(REQUIREMENT) Using the data below, restate exactly every line from the one with "Espetacular apartamento novo" up to and including the one with "25671 Pacific Crest, Mission Viejo, CA 92692". No picture belongs in it.

(DATA SHOWN)
------------------------------
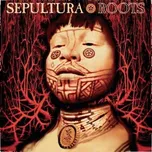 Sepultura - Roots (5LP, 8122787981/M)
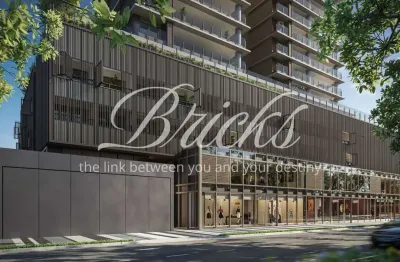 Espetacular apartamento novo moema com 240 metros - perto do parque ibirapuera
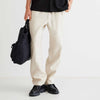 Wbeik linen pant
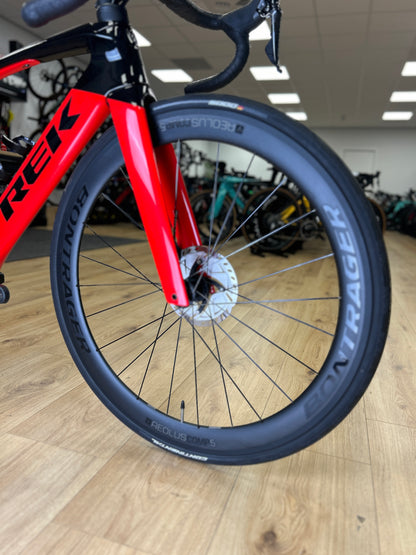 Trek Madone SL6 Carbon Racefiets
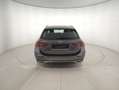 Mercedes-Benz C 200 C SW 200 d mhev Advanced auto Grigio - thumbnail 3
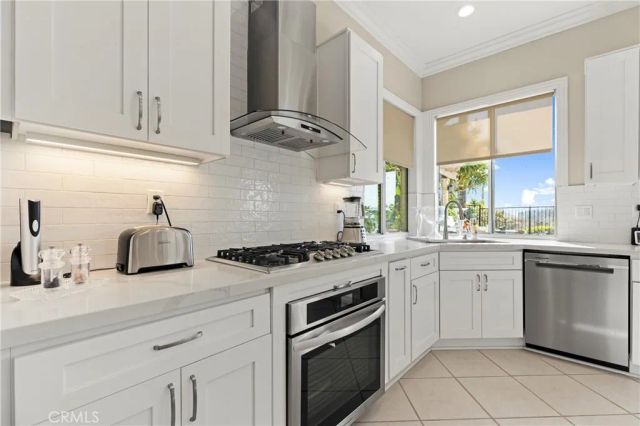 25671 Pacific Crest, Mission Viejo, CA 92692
------------------------------
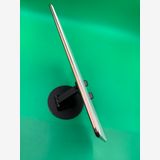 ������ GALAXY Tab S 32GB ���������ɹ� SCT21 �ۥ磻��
------------------------------
(PROBLEM SOLUTION)
 Espetacular apartamento novo moema com 240 metros - perto do parque ibirapuera
 Wbeik linen pant
 Trek Madone SL6 Carbon Racefiets
 Mercedes-Benz C 200 C SW 200 d mhev Advanced auto Grigio - thumbnail 3
 25671 Pacific Crest, Mission Viejo, CA 92692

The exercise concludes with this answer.